Otros casos vulnerables incluyen a civiles heridos o mutilados por machetes o con heridas de balas. Muchos de los recién llegados muestran signos severos de trauma como resultado de haber experimentado o presenciado atrocidades, en una situación en la que el apoyo psicosocial no se encuentra disponible.

El riesgo de abuso y explotación sexual hace que la situación sea particularmente preocupante. Muchos niños, niñas y mujeres huyen por su cuenta. Algunos menores no acompañados no cuentan con acuerdos apropiados para su cuidado temporal.

La mayoría de las personas desplazadas están siendo alojadas por las comunidades locales, a pesar de que cuentan con recursos limitados. Muchas de ellas también viven en edificios, clínicas, escuelas o mezquitas abandonadas. Así mismo, muchos han expresado preocupación debido a que sus hijos no están asistiendo a la escuela.
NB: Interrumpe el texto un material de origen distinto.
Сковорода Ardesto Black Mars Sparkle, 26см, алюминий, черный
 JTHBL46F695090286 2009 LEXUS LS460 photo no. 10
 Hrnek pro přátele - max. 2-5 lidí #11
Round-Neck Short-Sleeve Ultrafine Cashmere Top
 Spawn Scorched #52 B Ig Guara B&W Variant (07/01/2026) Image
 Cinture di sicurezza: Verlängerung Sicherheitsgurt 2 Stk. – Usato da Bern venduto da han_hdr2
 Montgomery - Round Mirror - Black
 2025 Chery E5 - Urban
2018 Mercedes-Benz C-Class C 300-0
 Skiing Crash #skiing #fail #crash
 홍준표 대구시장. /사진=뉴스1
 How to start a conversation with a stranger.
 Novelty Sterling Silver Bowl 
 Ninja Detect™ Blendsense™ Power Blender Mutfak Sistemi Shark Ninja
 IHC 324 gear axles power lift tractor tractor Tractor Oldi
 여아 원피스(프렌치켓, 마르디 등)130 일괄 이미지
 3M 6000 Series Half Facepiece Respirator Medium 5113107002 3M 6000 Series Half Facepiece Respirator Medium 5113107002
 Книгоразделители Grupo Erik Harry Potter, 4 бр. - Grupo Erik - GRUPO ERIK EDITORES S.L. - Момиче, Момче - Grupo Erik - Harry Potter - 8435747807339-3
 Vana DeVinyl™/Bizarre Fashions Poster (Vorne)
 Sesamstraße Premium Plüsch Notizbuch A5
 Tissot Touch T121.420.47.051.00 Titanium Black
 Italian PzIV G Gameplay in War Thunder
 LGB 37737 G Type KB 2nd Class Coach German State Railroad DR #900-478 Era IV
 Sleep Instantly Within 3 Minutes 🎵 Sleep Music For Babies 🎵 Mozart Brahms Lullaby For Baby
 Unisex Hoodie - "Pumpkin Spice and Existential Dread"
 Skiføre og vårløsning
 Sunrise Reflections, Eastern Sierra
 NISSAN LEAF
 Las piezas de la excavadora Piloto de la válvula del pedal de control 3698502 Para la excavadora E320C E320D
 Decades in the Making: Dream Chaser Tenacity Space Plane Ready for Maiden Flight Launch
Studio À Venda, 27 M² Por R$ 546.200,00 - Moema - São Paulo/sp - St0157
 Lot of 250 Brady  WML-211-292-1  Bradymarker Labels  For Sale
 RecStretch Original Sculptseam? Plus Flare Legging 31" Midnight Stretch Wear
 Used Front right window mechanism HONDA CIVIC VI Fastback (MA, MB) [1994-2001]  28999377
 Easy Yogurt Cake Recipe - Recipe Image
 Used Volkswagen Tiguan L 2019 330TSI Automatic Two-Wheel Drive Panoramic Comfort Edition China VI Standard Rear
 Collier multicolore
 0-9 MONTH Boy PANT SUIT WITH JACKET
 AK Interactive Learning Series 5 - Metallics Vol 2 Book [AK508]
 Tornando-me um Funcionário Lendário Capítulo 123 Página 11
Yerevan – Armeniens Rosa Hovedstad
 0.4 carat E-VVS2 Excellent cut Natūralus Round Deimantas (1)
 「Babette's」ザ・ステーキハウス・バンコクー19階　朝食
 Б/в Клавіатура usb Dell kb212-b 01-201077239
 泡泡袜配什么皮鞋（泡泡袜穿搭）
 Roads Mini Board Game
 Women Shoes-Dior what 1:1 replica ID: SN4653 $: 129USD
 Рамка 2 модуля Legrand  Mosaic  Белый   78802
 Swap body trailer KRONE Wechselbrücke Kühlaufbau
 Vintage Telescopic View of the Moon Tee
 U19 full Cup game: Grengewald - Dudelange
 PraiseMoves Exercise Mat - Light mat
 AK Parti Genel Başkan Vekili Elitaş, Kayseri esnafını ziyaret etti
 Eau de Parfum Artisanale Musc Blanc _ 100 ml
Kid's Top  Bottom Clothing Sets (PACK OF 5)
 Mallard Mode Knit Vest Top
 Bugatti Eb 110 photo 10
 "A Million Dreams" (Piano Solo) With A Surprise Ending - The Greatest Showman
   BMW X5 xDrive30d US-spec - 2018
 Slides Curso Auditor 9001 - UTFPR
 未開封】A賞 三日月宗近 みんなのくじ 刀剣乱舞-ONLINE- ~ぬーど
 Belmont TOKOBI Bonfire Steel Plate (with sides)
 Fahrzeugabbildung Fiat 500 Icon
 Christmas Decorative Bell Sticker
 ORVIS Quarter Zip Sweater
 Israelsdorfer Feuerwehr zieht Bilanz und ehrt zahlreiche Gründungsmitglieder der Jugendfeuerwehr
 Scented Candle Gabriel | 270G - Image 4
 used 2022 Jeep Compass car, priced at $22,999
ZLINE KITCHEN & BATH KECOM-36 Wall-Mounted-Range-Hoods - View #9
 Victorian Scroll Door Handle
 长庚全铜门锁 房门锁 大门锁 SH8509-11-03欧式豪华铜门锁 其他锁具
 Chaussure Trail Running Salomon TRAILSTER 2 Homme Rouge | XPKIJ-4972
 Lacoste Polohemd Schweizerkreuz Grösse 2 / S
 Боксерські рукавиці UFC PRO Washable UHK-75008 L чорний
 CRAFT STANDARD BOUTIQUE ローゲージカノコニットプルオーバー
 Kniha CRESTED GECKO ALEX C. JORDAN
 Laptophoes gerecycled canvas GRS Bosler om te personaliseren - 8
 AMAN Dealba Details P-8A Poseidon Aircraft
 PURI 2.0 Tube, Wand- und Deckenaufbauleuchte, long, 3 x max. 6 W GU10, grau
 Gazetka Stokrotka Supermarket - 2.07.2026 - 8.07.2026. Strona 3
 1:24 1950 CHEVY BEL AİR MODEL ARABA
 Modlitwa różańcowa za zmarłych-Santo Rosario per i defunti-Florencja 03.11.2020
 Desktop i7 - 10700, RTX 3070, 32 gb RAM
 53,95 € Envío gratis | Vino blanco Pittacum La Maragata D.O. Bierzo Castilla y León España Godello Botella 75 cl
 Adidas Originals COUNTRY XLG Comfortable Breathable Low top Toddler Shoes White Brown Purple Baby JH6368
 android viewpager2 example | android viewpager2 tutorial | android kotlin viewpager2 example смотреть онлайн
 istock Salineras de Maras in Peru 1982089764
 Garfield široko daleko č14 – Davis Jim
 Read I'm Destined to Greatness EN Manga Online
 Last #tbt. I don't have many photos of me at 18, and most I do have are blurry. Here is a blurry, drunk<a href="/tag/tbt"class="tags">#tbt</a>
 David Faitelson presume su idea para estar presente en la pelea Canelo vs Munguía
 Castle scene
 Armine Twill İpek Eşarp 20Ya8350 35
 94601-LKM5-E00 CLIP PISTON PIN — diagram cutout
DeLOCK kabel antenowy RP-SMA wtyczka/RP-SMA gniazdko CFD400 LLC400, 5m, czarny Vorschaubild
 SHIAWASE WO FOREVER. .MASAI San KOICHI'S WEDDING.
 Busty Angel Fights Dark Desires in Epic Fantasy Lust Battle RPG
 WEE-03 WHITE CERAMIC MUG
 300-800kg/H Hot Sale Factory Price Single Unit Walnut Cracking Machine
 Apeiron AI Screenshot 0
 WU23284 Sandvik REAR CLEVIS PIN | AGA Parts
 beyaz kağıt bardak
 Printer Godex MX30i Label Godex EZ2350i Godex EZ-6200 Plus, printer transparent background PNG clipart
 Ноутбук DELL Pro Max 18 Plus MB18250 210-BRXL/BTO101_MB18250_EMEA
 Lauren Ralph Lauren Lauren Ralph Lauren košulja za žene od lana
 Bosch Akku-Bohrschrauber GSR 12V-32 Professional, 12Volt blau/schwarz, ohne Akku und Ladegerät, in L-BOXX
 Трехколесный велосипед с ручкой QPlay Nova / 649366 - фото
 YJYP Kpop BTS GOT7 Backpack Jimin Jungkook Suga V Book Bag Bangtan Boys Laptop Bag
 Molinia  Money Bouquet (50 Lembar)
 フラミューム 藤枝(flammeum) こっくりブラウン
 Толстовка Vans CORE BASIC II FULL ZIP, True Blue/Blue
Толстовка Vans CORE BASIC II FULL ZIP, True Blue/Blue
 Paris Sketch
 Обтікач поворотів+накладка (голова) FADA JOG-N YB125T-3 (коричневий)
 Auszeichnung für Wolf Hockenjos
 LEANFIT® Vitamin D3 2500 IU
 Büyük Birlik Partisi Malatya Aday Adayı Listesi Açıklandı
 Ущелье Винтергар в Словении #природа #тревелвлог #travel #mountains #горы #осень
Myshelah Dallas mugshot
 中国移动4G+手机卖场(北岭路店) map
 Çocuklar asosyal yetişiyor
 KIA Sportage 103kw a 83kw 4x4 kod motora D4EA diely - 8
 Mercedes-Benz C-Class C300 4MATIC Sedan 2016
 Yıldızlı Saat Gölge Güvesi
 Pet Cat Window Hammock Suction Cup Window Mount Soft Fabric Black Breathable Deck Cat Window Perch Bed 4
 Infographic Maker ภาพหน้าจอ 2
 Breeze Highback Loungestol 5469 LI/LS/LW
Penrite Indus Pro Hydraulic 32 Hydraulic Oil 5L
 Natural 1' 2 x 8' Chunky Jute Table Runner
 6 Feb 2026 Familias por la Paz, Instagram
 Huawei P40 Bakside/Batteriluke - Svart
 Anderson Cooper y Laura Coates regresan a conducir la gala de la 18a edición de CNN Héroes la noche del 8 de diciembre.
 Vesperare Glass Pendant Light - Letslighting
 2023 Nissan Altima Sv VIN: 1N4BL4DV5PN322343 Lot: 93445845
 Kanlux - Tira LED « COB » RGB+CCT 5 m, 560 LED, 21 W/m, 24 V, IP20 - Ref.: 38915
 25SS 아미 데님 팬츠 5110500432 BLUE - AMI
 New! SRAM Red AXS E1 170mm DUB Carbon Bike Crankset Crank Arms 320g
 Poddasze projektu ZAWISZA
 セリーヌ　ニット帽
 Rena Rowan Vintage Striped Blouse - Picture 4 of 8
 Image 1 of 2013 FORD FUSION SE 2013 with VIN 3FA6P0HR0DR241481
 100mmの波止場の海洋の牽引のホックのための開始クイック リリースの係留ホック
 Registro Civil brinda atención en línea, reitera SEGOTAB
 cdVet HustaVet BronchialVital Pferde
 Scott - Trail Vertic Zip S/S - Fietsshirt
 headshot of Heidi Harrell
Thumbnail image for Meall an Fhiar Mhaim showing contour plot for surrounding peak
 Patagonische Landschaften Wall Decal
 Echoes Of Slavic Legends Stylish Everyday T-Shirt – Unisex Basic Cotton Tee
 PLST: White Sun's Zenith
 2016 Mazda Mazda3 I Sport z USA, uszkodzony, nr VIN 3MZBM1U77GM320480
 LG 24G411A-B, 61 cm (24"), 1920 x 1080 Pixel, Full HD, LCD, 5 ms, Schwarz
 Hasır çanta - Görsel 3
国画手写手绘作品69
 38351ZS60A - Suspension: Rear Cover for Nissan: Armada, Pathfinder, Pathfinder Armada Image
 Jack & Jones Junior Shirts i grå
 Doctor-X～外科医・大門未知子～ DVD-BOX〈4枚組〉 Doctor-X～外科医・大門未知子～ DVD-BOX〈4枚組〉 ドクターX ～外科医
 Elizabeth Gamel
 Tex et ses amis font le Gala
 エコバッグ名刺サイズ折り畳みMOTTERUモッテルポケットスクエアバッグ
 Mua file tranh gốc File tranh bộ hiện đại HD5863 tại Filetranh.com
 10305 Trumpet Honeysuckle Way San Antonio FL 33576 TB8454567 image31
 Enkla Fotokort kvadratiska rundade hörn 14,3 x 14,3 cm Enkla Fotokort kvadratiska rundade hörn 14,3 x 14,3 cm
En vista de un continuo desplazamiento y con el crecimiento de las necesidades, ACNUR está fortaleciendo su respuesta en el terreno a través de su liderazgo en materia de protección y sus intervenciones operativas. Estamos trabajando de cerca con socios nacionales en cinco provincias afectadas por el desplazamiento (Kasaï, Kasaï Central, Kwango, Kwilu y Lualaba), con más de 267.000 comidas calientes distribuidas a diario. En los próximos días también se iniciará una primera distribución de artículos esenciales para el hogar a cerca de 20.000 personas vulnerables en Lualaba.

La prestación de asistencia y protección a las personas desplazadas internas representa un gran desafío debido al tamaño del área impactada, ya que la Región de Kasaï es casi del tamaño de Alemania, pero las condiciones de las carreteras son difíciles y la seguridad es deficiente.

El conflicto en la Región de Kasaï inició a finales de 2016 entre un líder tradicional local, el Kamuina Nsapu, y las autoridades estatales, y continúa expandiéndose con el surgimiento de nuevos grupos armados que cometen graves abusos a los derechos humanos de la población civil.